EXERCISE REQUIREMENTS:
In full and word for word, print the data below.

DATA SHOWN:
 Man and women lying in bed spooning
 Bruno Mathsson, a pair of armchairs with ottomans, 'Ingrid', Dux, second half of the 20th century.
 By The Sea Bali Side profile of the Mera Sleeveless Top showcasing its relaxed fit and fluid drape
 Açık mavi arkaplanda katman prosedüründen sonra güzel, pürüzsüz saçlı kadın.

SOLUTION TO THIS PROBLEM:
 Man and women lying in bed spooning
 Bruno Mathsson, a pair of armchairs with ottomans, 'Ingrid', Dux, second half of the 20th century.
 By The Sea Bali Side profile of the Mera Sleeveless Top showcasing its relaxed fit and fluid drape
 Açık mavi arkaplanda katman prosedüründen sonra güzel, pürüzsüz saçlı kadın.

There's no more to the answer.